婉祺上一次回家,是两月前阿玛的忌辰。那时临近大选,她还特意到阿玛和额涅的灵位前磕头,为以后若进宫当了娘娘,便不能每年亲自回来祭奠而求父母原谅。
想到这儿,婉祺苦笑着,娘娘没当上,反而给公主试婚去了,也不知九泉下的父母会不会嫌她丢脸面。
等见到了永晋,兄妹两个在前厅坐下来,永晋一脸忧心忡忡,试探着又问她:“真不是受了委屈才跑回来的?你别忍着不敢说,即便他家显贵,我也断不会看着你受委屈,大不了我豁出——”
“没有的事,哥哥别乱想了,我真的只是进宫给太后请安,顺便回来看看。”
婉祺知道永晋心疼自己,那天永晋来送她,眼圈都是红的,平时气宇轩昂的一个人眼见着憔悴了。
“那就好,那就好。往后有不顺心的事没处说,就回家来,跟你阿沙……”永晋想到自己那位和硕格格出身的夫人素日的德行,讪笑着,改了口,“她不是那知心的人,但你二阿沙知书达理,又是咱们亲舅舅的闺女,你跟她说,千万别什么事都自己扛,再憋出病来。”
长兄为父,永晋这些年作为大家长,里里外外操不完的心。
永晋说什么,婉祺都应着。她知道永晋本就苦于官途不顺,又遇上自己这事,他心里头难受不亚于自己。
等永晋嘱咐完,婉祺才说起她今儿回家来顶顶要紧的一件事。
“哥哥可知道,朝中有没有姓滕的官员?”
“你问这个做什么?”永晋嘴上这么问,但仍是仔细思索着,“姓滕……那得是汉军旗的人,再或是汉官,没什么印象有姓滕之人,等我帮日后帮你留意些。”

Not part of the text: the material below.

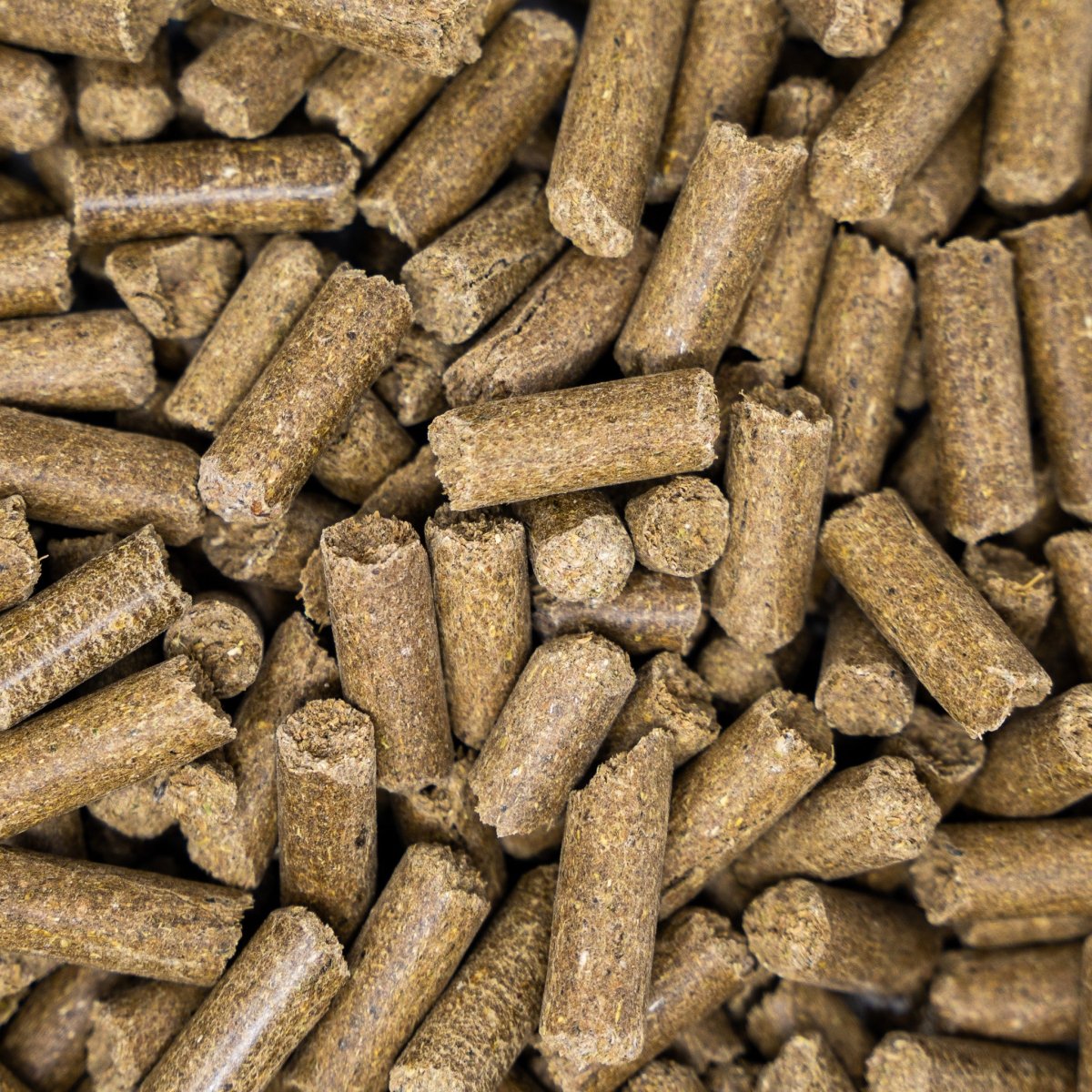 Horse Treats - Minty Flavour - Seedzbox5060910342800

婉祺也想过向邓玉鸣打听下这位腾公子究竟是何人,但想到邓玉鸣是润舟的人,她若问了,润舟必定会知道,便作罢。
婉祺和润舟都渐渐适应了生活里突然多了彼此的变化,虽说除了同住一个屋檐下之外,与陌生人也没什么两样,但外人面前总归还是要做做样子。
润舟有同僚得了长孙,满月当日在家中摆席,还搭了台子请人去听戏,帖子送到将军第,是婉祺收的。原本她没打算去,但润舟不肯,一定要她同去。